» **Records from a dataset**
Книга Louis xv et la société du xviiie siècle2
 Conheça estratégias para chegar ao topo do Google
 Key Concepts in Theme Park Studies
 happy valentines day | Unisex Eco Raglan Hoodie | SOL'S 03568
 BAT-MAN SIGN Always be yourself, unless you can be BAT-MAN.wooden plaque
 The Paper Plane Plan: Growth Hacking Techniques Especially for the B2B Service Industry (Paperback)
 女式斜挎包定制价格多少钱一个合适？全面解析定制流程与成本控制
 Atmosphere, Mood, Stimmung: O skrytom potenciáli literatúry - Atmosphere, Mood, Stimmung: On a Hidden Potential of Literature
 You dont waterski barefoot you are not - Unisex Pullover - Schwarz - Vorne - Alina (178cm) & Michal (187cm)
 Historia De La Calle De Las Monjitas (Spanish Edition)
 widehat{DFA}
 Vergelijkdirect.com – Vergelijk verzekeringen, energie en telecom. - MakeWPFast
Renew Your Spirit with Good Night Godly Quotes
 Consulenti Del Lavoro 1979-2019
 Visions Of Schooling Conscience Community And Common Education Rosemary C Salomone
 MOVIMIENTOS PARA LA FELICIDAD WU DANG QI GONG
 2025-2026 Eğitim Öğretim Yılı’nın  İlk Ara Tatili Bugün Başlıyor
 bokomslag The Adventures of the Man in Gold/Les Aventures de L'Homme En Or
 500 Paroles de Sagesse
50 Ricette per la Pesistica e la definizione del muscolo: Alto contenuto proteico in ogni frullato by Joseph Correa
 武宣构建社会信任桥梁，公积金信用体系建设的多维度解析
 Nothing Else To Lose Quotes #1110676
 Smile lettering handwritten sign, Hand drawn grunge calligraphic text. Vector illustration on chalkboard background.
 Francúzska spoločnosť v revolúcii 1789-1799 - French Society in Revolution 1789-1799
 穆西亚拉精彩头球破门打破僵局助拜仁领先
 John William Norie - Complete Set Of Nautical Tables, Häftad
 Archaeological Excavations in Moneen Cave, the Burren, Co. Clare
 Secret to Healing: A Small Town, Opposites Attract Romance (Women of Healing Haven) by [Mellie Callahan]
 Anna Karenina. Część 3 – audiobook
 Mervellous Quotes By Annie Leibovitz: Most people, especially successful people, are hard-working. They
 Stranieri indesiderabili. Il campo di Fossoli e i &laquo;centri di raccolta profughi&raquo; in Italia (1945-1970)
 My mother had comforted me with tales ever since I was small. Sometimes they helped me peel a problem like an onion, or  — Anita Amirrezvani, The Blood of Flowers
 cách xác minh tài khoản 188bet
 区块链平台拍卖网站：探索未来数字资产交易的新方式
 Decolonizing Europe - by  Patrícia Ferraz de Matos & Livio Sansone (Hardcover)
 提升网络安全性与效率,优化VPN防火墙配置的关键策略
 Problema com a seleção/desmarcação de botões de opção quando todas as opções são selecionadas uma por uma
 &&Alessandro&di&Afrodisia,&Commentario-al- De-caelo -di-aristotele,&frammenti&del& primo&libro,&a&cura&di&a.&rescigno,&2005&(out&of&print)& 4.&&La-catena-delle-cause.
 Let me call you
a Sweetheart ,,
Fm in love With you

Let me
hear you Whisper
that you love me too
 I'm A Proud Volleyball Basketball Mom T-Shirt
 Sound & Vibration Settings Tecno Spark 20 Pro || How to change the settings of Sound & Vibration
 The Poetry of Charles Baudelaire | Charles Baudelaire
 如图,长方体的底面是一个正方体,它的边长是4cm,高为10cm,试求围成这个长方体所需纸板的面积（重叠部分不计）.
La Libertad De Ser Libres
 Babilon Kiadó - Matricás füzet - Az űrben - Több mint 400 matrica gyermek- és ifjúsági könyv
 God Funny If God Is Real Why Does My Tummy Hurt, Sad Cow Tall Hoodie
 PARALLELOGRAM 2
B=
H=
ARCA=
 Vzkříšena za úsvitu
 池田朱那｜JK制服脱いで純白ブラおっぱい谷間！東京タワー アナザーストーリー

» **Your task**
Please report every line in the entries above that holds the string "Quotes".

» **Problem solution**
Renew Your Spirit with Good Night Godly Quotes
 Nothing Else To Lose Quotes #1110676
 Mervellous Quotes By Annie Leibovitz: Most people, especially successful people, are hard-working. They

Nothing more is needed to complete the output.